■ Web page caption snippets
----------------------------------------
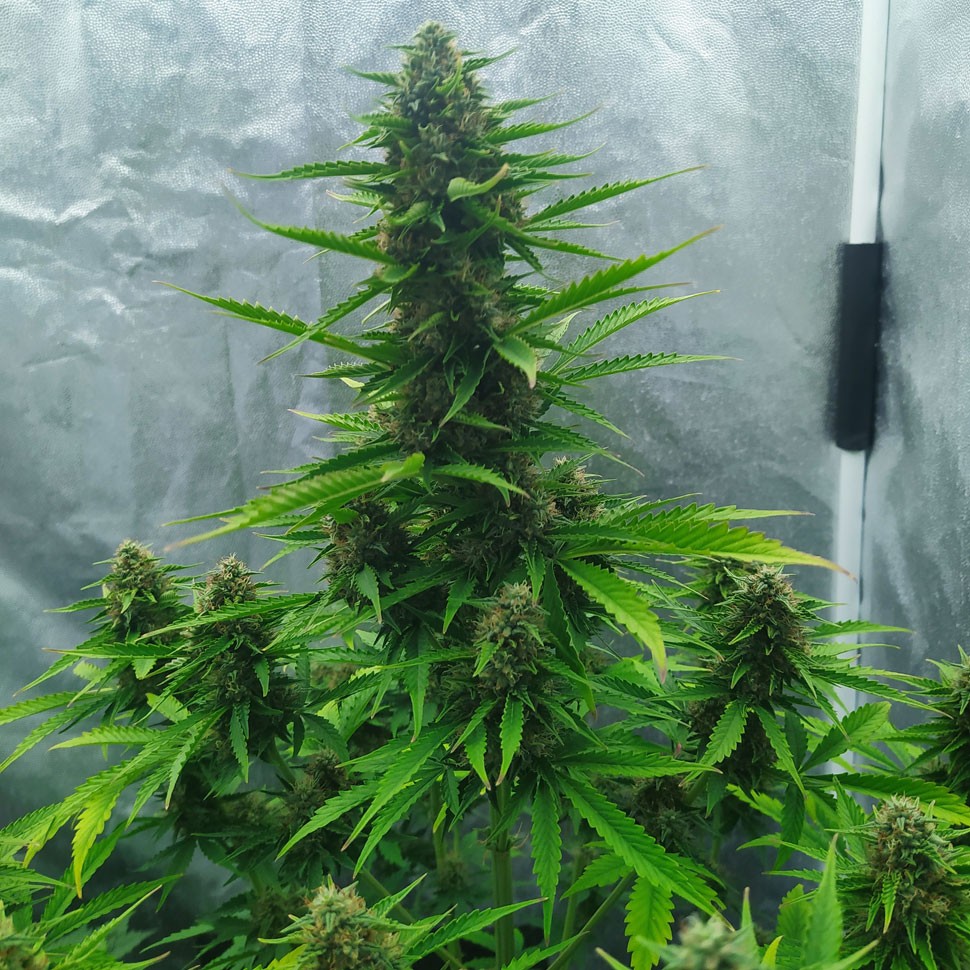 недорогие семена Auto White Widow feminised Ganja Seeds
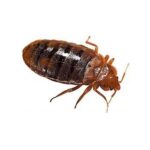 Bed Bugs-Agent-Pest-Control-Utah Info about Bed Bugs by Agent Pest Control of Utah: Bed bugs feed on human blood, typically during the night, and their bites can cause discomfort and irritation. They are small, flat, and reddish-brown insects that can hide in cracks and crevices of furniture, walls, and bedding. They can easily spread from one location to another by hitchhiking on clothing, luggage, or other personal belongings. Once inside a home, bed bugs can quickly infest the entire house, making it difficult to eradicate them completely. Bed bugs can also cause psychological distress and anxiety for those who are affected by them. The fear of being bitten during sleep and the stigma associated with bed bug infestations can lead to sleep deprivation, stress, and social isolation. In addition, bed bug infestations can be challenging to treat, as they can become resistant to pesticides, and multiple treatments may be necessary to eliminate them. Therefore, it is important to take preventive measures to avoid bed bug infestations and protect the health and well-being of household members. Need some help with Bed Bugs? Contact Agent Pest Control of Utah, Click Here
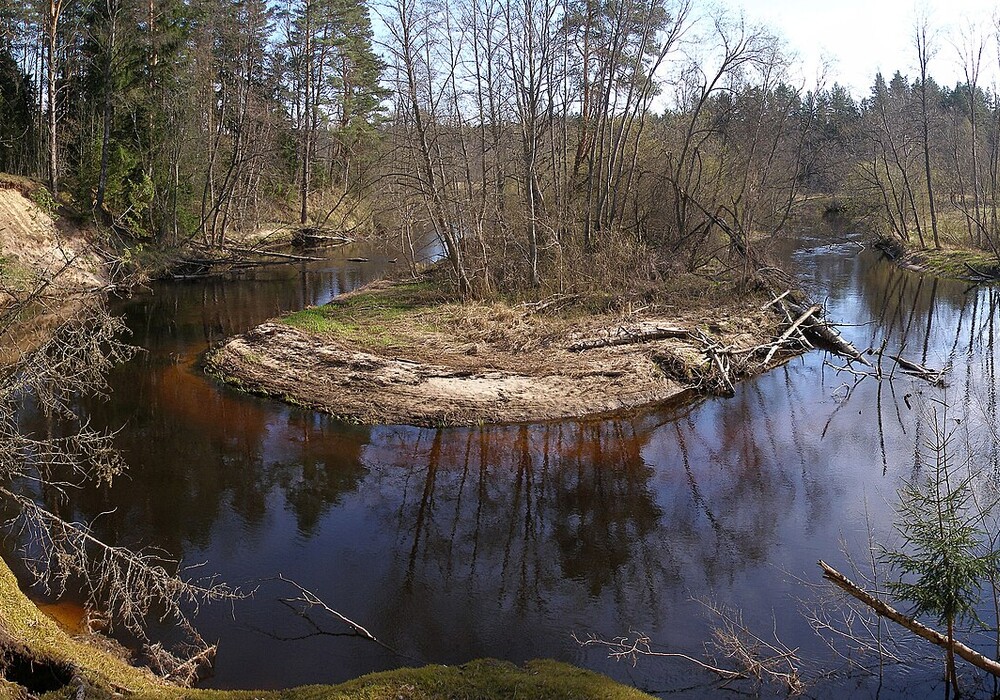 Der Fluss Valgejõgi Hannu 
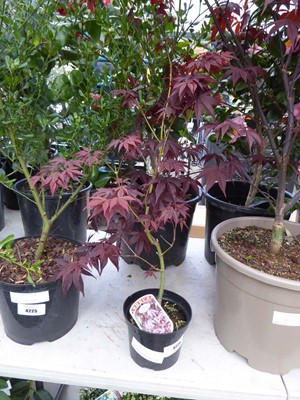 Lot 4226 - Acer (Var) Atropurpureum
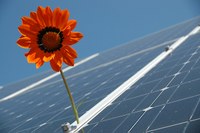 Stratégies pour la neutralité carbone dans les Alpes en 2050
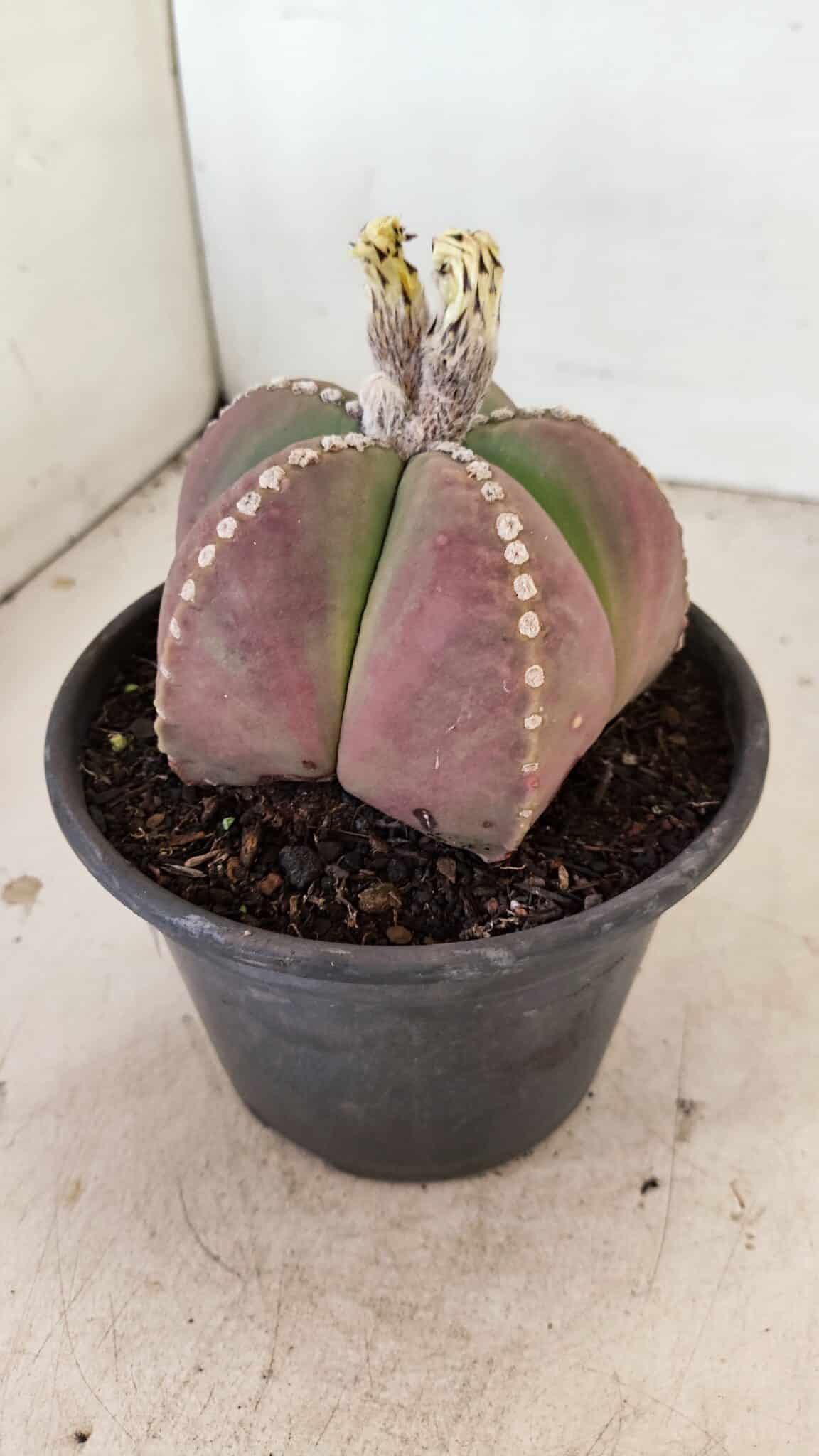 ASTROPHYTUM MYRIOSTIGMA  Nº 1058 – vaso 15 - foto 9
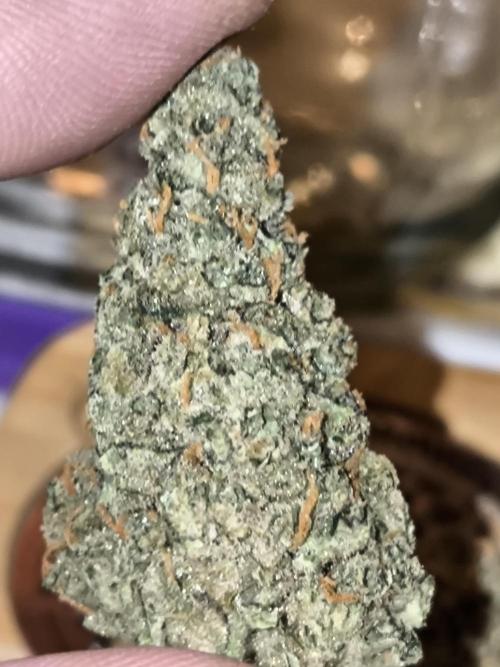 DognabisCup #18 .A. Week 14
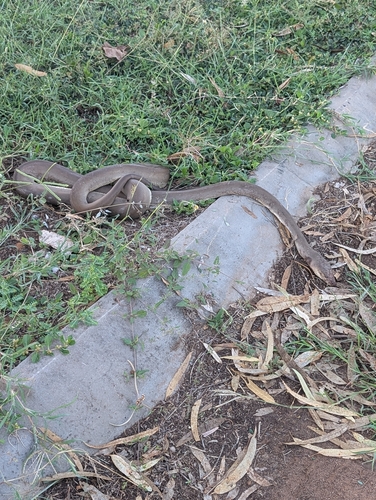 Olive Python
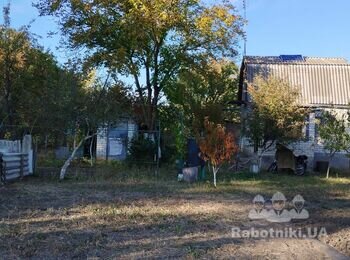 Обрізка верхушки горіха біля будинку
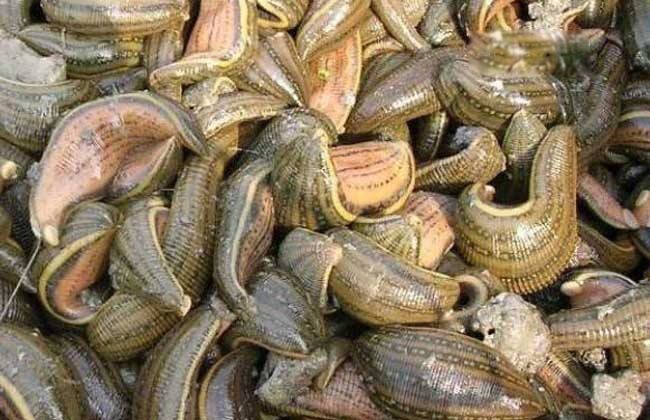 水彘蜂是一种怎样的动物 水彘蜂和水蛭的区别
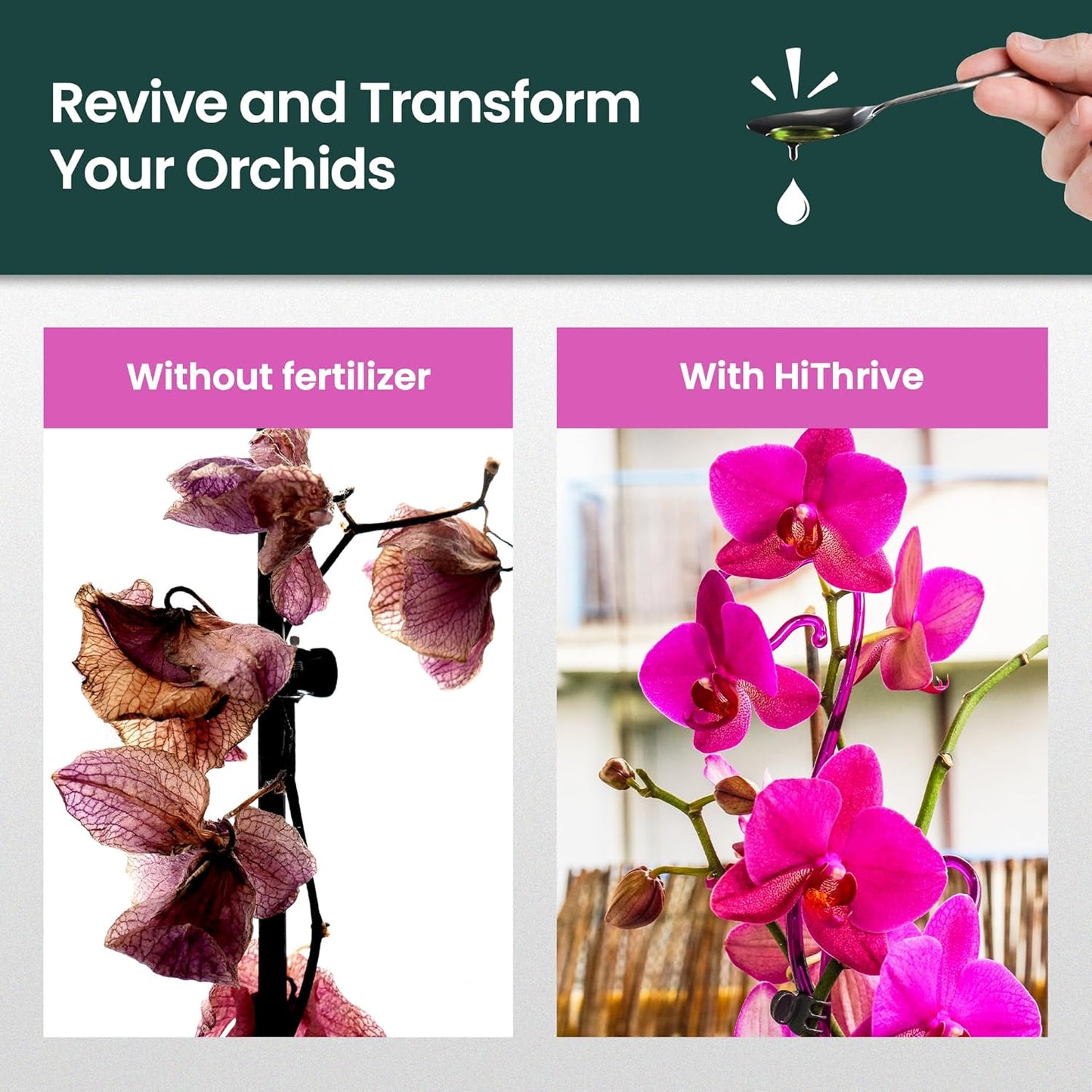 Fertilizante orquídeas 32oz interior exterior con micronutrientes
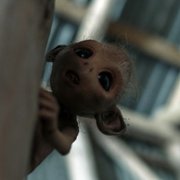 Nisser - galeria zdjęć - filmweb
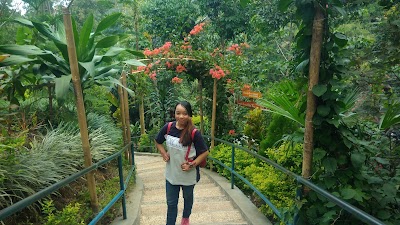 Photos of Mt. Lawu East Java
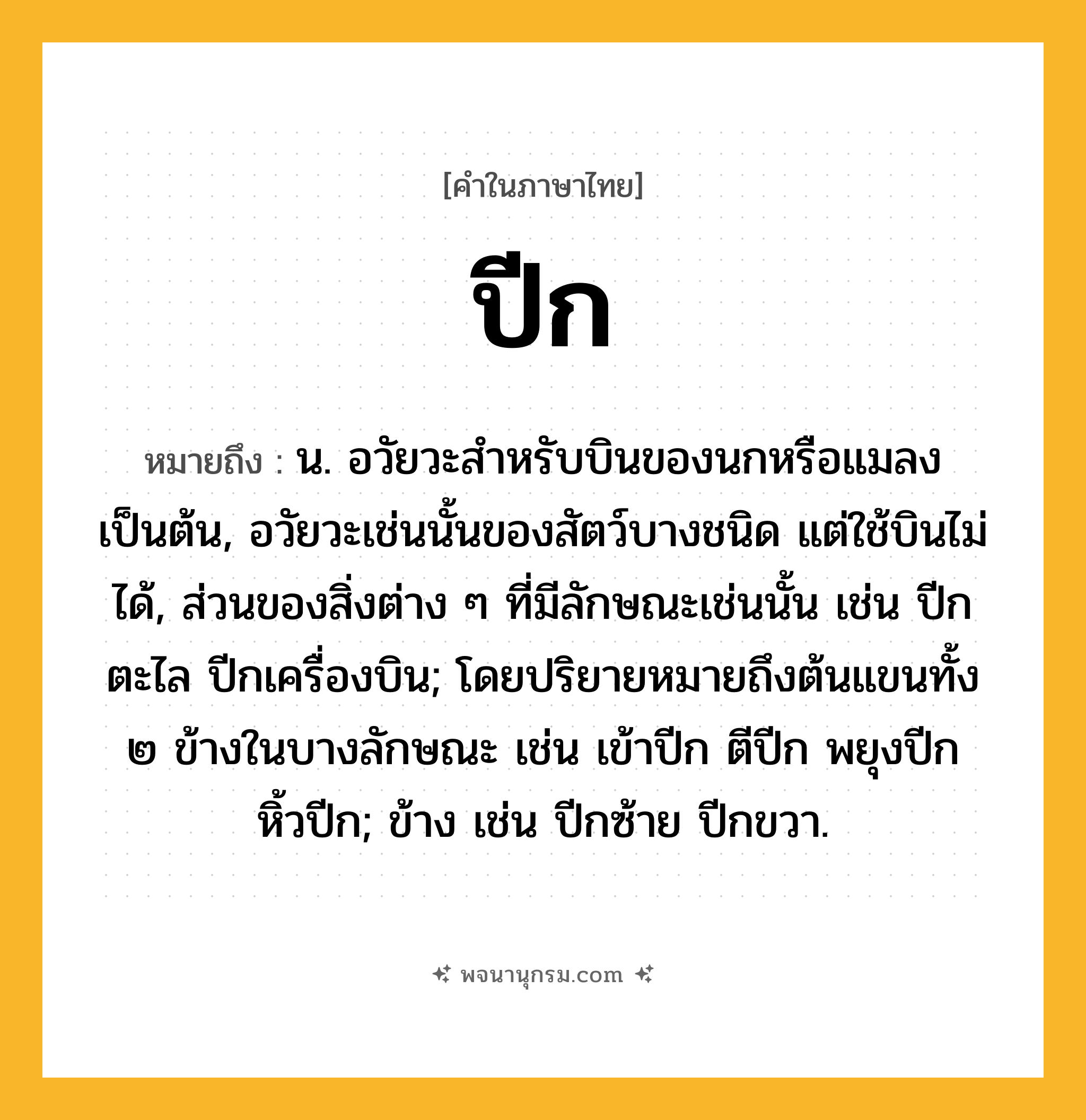 ปีก ความหมาย หมายถึงอะไร?, คำในภาษาไทย ปีก หมายถึง น. อวัยวะสําหรับบินของนกหรือแมลงเป็นต้น, อวัยวะเช่นนั้นของสัตว์บางชนิด แต่ใช้บินไม่ได้, ส่วนของสิ่งต่าง ๆ ที่มีลักษณะเช่นนั้น เช่น ปีกตะไล ปีกเครื่องบิน; โดยปริยายหมายถึงต้นแขนทั้ง ๒ ข้างในบางลักษณะ เช่น เข้าปีก ตีปีก พยุงปีก หิ้วปีก; ข้าง เช่น ปีกซ้าย ปีกขวา.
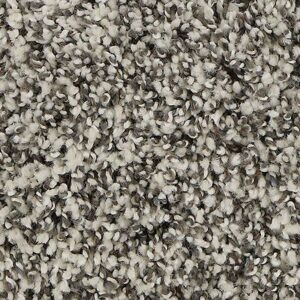 Karastan Refined Details SmartStrands Carpet Siberian 9719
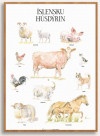 Poster The Icelandic Farm Animals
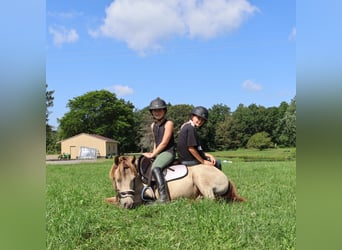 Weitere Ponys/Kleinpferde, Wallach, 6 Jahre, 124 cm, Champagne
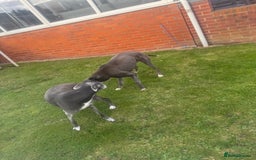 Lurcher dogs for sale: Lurches for sale  - Image 5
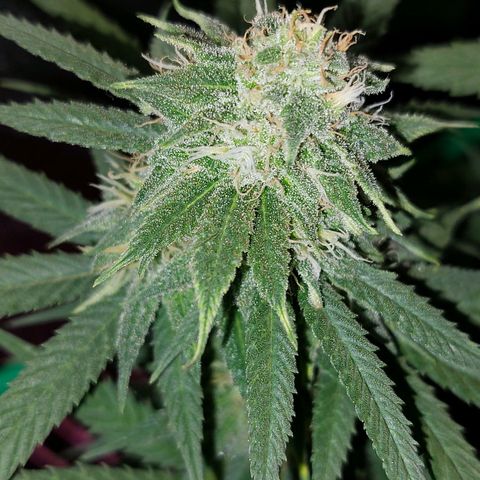 Cherry Punch growlog photo: Quasi pronta.
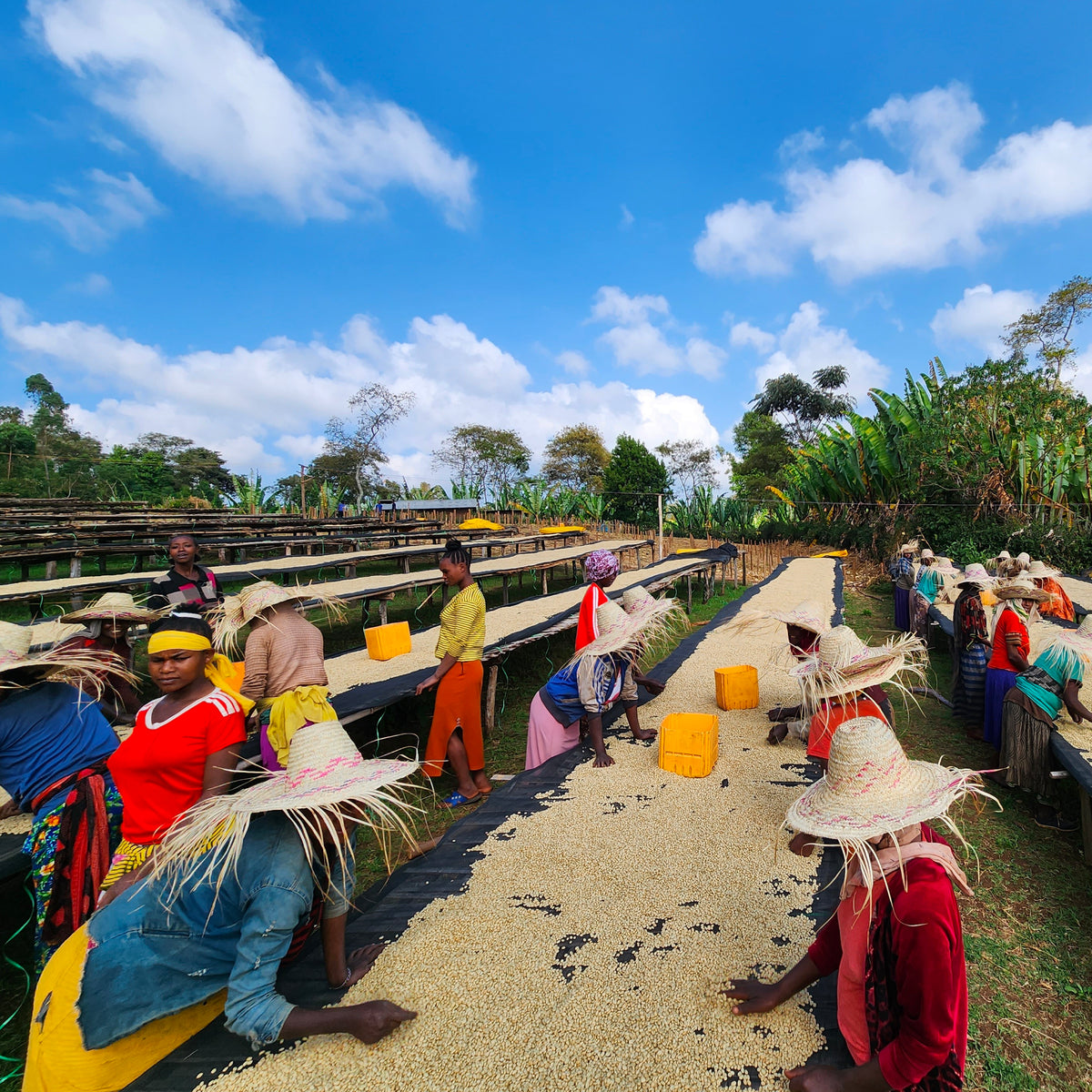 BANKO TARATU / ETHIOPIA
----------------------------------------
■ REQUIREMENT
Copy exactly, and copy nothing else: the lines from the one containing "Photos of Mt. Lawu East Java" through the end of the data, both ends included, with pictures left out.

■ EXPECTED OUTPUT
 Photos of Mt. Lawu East Java
 ปีก ความหมาย หมายถึงอะไร?, คำในภาษาไทย ปีก หมายถึง น. อวัยวะสําหรับบินของนกหรือแมลงเป็นต้น, อวัยวะเช่นนั้นของสัตว์บางชนิด แต่ใช้บินไม่ได้, ส่วนของสิ่งต่าง ๆ ที่มีลักษณะเช่นนั้น เช่น ปีกตะไล ปีกเครื่องบิน; โดยปริยายหมายถึงต้นแขนทั้ง ๒ ข้างในบางลักษณะ เช่น เข้าปีก ตีปีก พยุงปีก หิ้วปีก; ข้าง เช่น ปีกซ้าย ปีกขวา.
 Karastan Refined Details SmartStrands Carpet Siberian 9719
 Poster The Icelandic Farm Animals
 Weitere Ponys/Kleinpferde, Wallach, 6 Jahre, 124 cm, Champagne
 Lurcher dogs for sale: Lurches for sale  - Image 5
 Cherry Punch growlog photo: Quasi pronta.
 BANKO TARATU / ETHIOPIA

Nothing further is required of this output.